To create a dataframe out of this in Pandas is very easy. Pass the path to the file to the `read_csv` method like so

In [None]:
#Read csv file and inspect
df = pd.read_csv("../tennis-data/10tennisplayer.csv")
df

As we look at this result we can make a few observations:
* As seen previously, the index is set by Pandas. We might wanna change that to the 'Place' column.
* The 'Place' column is descending.
* The turned-pro column looks good, but the 'retired' and hall-of-fame column are integers but floating points.
* Also these columns have NaN (which stands for "Not a Number") values for some of the values.

Lets tackle the first two issues first.

In [None]:
# set the column that we want to use as index
df = pd.read_csv("../tennis-data/10tennisplayer.csv",index_col="Place")
# sort them in ascending order
df.sort_index(inplace=True)
# display
df

Voila, We have our dataframe.
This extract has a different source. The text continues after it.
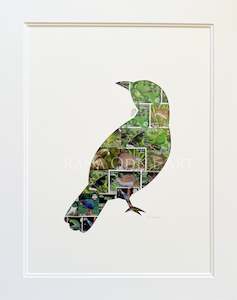 Kiwiana: NZ Tui, 11x14 inches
We can do the same with an excel sheet.
For this pandas is dependend on openpyxl so we will have to import that first:

In [None]:
!pip install openpyxl

Now we are ready to create a dataframe from an excel sheet. Be ware that the sheet needs to be a continuous set of rows and columns. Otherwise you will run into errors. You can pass a sheet name to identify the worksheet that contains the data.

In a later tutorial we will go into detail about working with excel sheets and see how we can work with formulas, tables, named ranges and the like.

In [None]:
df_excel = pd.read_excel("../tennis-data/top10tennisplayers.xlsx", index_col="Place", sheet_name="Sheet1")
df_excel

As you can see, it works just as a regular csv file.
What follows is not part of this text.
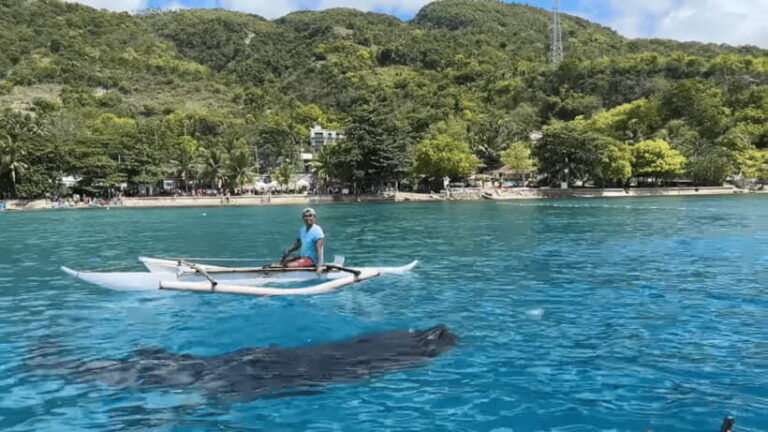 Cebu: Oslob Whale Shark and Moalboal Snorkeling Tour - What to Expect on the Day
# 3. Inspecting a data frame

We now have a data frame created, albeit a very small one. By typing `df` in Jupyter we can inspect it's content, as if we were doing a print statement. A dataframe is a very usefull format to work with columnar data as we will see later in this tutorial.

In this section we are going to explain how to inspect this data format and the functions that help see what the data is so we can use that later to enrich and transform it in usefull information.

Printing `df` is fine for a small dataset, but when we have thousands of rows, this is not what we desire. If we just want to inspect the first rows another function is more used and recommended.

The first ones are `head` and `tail` to view either the first or last row.

In [None]:
df.head(2)

In [None]:
df.tail(3)

In [None]:
df.take([0,1,2])

In [None]:
df.size


In [None]:
df.shape

In [None]:
df.count()

In [None]:
df.values

In [None]:
df.dtypes

In [None]:
df.columns

In [None]:
df.at[1,"Name"]

In [None]:
df.loc[1]

In [None]:
df.iloc[1]

In [None]:
df.keys()

In [None]:
df.get(["Name","Retired"])

In [None]:
df.Name

In [None]:
df.describe()

In [None]:
df.describe(include="all")

In [None]:
df.isna()

In [None]:
df.dtypes

In [None]:
df = df.astype({"Retired":"Int64"})

In [None]:
df.info()

In [None]:
df = df.convert_dtypes()

df.info()

In [None]:
df = df.astype({"Birth date":"datetime64","Price money":"float64"})
df.dtypes